What it seems to be all about then

What it seems to be all about then December 3, 2015

I posted this .gif on Twitter because it perfectly captures something we hear whenever the subject of guns and ‘murka and murkan guns comes up.

v5mug

That’s from one of the many hilarious dream sequences in A Christmas Story, and it’s worth re-watching the entire scene from the weird and wonderful mind of Jean Shepherd (this version has the DVD commentary with, I think, Darren McGavin and director Bob Clark):

(Side note: Comment threads on anything involving guns can quickly get overheated, so if you’d like an alternative here, feel free to discuss how amazingly perfect McGavin and Melinda Dillon were in that movie.)

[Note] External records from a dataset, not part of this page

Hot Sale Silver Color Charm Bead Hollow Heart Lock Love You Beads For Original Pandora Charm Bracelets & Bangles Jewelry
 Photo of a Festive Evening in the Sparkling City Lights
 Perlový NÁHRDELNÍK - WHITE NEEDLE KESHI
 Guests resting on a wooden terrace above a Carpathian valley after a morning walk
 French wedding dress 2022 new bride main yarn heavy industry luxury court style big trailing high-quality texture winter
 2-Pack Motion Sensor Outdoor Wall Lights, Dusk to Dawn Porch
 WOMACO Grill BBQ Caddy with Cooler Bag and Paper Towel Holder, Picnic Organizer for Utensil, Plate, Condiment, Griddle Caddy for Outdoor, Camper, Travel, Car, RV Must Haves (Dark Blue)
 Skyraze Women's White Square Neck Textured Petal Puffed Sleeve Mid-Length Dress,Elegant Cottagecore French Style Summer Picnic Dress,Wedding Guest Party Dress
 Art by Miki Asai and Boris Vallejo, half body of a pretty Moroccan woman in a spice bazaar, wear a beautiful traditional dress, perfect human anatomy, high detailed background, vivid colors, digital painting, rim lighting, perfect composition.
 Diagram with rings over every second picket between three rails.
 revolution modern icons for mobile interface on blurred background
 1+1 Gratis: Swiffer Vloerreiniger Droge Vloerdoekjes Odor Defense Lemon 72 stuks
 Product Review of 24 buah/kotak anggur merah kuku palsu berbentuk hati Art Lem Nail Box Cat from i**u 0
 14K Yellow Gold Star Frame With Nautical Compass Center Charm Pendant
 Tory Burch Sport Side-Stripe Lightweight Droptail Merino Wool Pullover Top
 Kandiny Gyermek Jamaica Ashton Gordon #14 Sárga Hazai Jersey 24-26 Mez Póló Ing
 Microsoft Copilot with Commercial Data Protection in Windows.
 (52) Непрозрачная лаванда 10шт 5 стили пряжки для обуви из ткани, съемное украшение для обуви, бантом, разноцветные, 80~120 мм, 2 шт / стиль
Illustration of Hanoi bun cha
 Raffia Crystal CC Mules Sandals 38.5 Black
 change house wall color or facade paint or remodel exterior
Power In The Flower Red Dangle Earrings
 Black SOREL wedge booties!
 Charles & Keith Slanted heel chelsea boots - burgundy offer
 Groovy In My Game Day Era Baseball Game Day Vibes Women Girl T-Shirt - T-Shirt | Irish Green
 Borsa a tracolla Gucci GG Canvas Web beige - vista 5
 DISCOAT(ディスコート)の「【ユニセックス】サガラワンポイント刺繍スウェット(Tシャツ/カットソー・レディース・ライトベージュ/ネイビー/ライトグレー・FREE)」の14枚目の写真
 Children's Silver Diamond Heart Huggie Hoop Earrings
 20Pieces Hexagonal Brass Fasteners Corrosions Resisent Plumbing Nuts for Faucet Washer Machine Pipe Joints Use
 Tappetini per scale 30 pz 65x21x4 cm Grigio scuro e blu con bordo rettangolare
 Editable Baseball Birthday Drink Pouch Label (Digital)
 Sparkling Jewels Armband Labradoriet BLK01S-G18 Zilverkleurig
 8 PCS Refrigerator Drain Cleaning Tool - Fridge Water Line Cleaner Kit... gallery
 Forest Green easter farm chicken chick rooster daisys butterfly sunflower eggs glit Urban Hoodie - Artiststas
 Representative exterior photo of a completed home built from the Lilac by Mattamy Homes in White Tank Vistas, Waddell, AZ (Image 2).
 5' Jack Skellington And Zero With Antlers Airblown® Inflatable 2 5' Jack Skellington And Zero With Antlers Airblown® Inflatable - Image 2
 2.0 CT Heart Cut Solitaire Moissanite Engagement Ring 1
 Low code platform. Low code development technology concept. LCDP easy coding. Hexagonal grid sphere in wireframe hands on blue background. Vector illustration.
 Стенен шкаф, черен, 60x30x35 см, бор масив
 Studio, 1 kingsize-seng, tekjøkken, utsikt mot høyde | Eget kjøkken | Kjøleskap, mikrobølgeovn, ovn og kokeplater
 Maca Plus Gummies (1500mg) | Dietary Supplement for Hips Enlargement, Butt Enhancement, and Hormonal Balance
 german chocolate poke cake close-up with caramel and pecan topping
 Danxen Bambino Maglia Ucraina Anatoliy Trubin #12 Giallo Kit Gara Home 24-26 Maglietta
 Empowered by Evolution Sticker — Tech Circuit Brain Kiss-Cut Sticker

It’s a funny scene for what it is — a child’s childish fantasy of the swaggering hero he wishes/imagines he will be transformed into thanks to the purchase of a product (that product being, of course, an official Red Ryder, carbine action, two-hundred shot range model air rifle with a compass in the stock).

But it’s not so funny when alleged adults — people of the legal age to be considered “grown-ups” — repeat this exact fantasy as the basis for public policy or the lack thereof.

And that’s what happens every time anyone, anywhere in America tries to discuss our epidemic of gun violence, which has claimed more American lives in my lifetime than have been lost in all the wars ever fought by this country. Some variation of this fantasy will be invoked, directly or indirectly, as the reason why our chaotic, lethal, more-guns-than-people status quo is the only acceptable way to live.

Quite often, this fantasy is invoked as an accusation and almost a threat. You dirty hippies think there ought to be some kind of regulation or insurance requirement for gun owners? Then you deserve what’s coming to you and your defenseless family when Black Bart and his gang show up at your door.

Usually, of course, this invocation of the fantasy doesn’t directly mention A Christmas Story, and thus doesn’t specify that the “bad guy with a gun” will be named Bart.

But in almost every variation of this fantasy, that bad guy is still definitely black. And that’s a big part of why any meaningful conversation about guns is so difficult to achieve — because much of what we’re really talking about isn’t about guns at all.

It’s tempting, when I hear someone invoking this fantasy to defend unregulated gun ownership, or when they allude to it to hypothetically threaten my family, to respond to them the same way everyone does to little Ralphie: “You’ll shoot your eye out, kid.” That’s certainly what such childish fantasists deserve.

But I like to think that maybe it’s still possible, maybe someday, to achieve a meaningful conversation about guns among the 90 percent or so of Americans — probably including the less-vocal majority of gun-owners — who aren’t racist ammosexual fantasists.

I sometimes have this fantasy of organizing weekend hunting trips that would bring together pro-gun politicians with urban clergy, police, and mayors. That setting, I think, might create a space where they could discuss the very different meanings of that word “gun” in those very different settings. It might give those pastors and cops and mayors a chance to be believed when they repeat that they really don’t want to confiscate every deer hunter’s rifle in rural America — they just want to de-escalate the arms race on their streets. (And, while I wouldn’t say this outright, I also think providing the gun guys a “home turf” advantage in which they’d get to offer advice and demonstrate their experience might stroke their fragile masculinity enough to enable them to actually listen for a change.)

That conversation shouldn’t be impossible. Right now it seems to be, because every attempt to have that conversation gets drowned out by a thousand little Ralphies fantasizing that they can purchase a product that will transform them into the manly men they’re afraid they’ll never be.